This project consists mainly in extracting some data from three differente sources, transforme it and be able to obtain insights.
-
The first source used to retrieve some data, is a .db file. In this file you will find a sample of different european citizens answering several questions related to politics. Furthermore, you will see some other relevant information such as gender, age, country codes, level of studies, etc.
-
The second source, is an API (Open Skills Project). From this fount has been retrieved the job names that correspond to the several job codes that appear in the first source, the .db file. Otherwise, it would be difficult to understand which was the professional background of the people surveyed.
-
Third source is the Eurostat website. In this site, it has been used some web scraping techniques in order to bring to our dataset the names of the countries, to understand from where the people surveyed come from. As mentioned before, in the first source we have the country codes, but in order to see the data more clear,it was needed to retrieve the names.
Once checked the information provided by the API, I figured out that all job codes contained in the first dataset, were related to Data Analysis. The main objective was to be able to extract a table where it could be easy to see how many people living in a rural environment were employed, and what kind of profile could be found between the different countries.
- Sqlalchemy
- Argparse
- BeautifulSoup
- Pandas
- Rquests
- Numpy
- Re
Install Python 3.7 and mandatory dependencies listed before.

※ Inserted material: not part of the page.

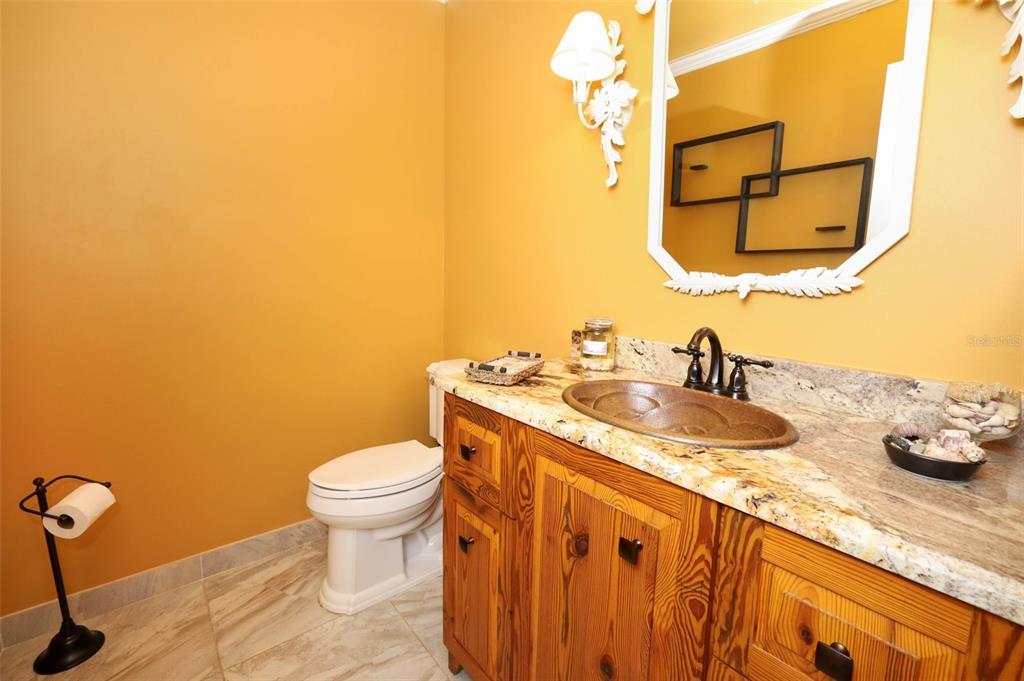 102 Pineview Court Altamonte Springs, FL 32714 - Photo 19 of 59 a bathroom with a granite countertop sink and a mirror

If you are using the Anaconda distribution. Run the following command to activate the environment where you have all these dependencies installed.
conda activate name_env
-
Clone this repo locally.
-
Open a terminal, activate the appropiate environment and navigate to the repo's path.
-
As we are using argparse you have to specify to parameter to run the script:
'-p' '--path' (required) / '-c' '--country' (optional - Default=all) path = raw_data_project_m1.db country_choices=['Austria', 'Belgium', 'Bulgaria', 'Cyprus', 'Czechia', 'Germany', 'Denmark', 'Estonia', 'Spain', 'Finland', 'France','United Kingdom', 'Greece', 'Croatia', 'Hungary', 'Ireland', 'Italy', 'Lithuania','Luxembourg', 'Latvia', 'Malta','Netherlands', 'Poland','Portugal', 'Romania', 'Sweden', 'Slovenia', 'Slovakia'] -
In the terminal write: python main.py -p raw_data_project_m1.db or main.py -p raw_data_project_m1.db -c 'specific country'
-
Three different csv files with the information obtained from the different sources (Query = df_sql_query.csv , APi = df_api.csv', Eurostat = df_countries.csv)
-
Aditional csv with all Dataframes merged and with the data processed (df_countries.csv)
-
A csv with the result. Two options:
- With all countries (df_rural.csv)
- With specific country (df_specific country.csv)